# Exercise goal
Keep the lines exact and the pictures out as you repeat the following listing.

# The data
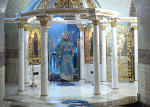 В Успенском храме Серафимо-Дивеевского монастыря отметили престольный праздник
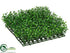 Silk Plants Direct Boxwood Mat - Green - Pack of 6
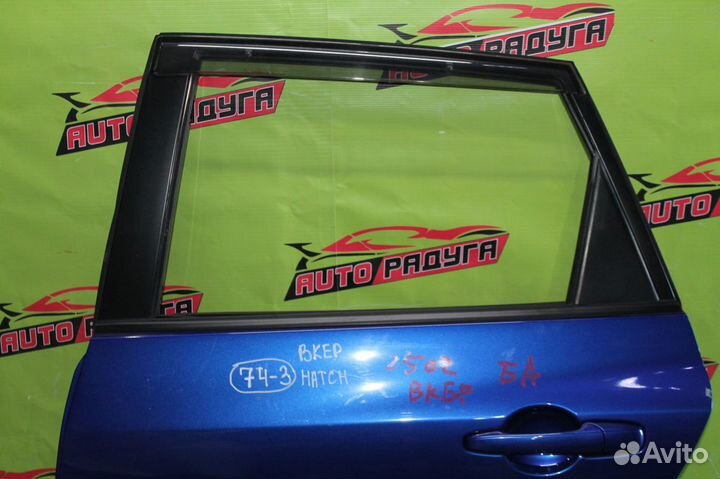 Дверь mazda BK3P,BK5P,bkep axela,mazda3 hatchback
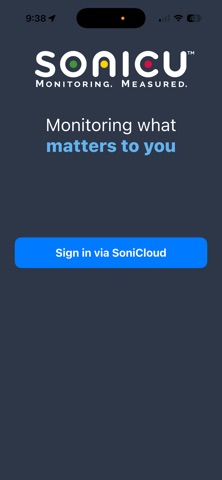 SoniCloud Mobile Screenshot 1 of 7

# Output
 В Успенском храме Серафимо-Дивеевского монастыря отметили престольный праздник
 Silk Plants Direct Boxwood Mat - Green - Pack of 6
 Дверь mazda BK3P,BK5P,bkep axela,mazda3 hatchback
 SoniCloud Mobile Screenshot 1 of 7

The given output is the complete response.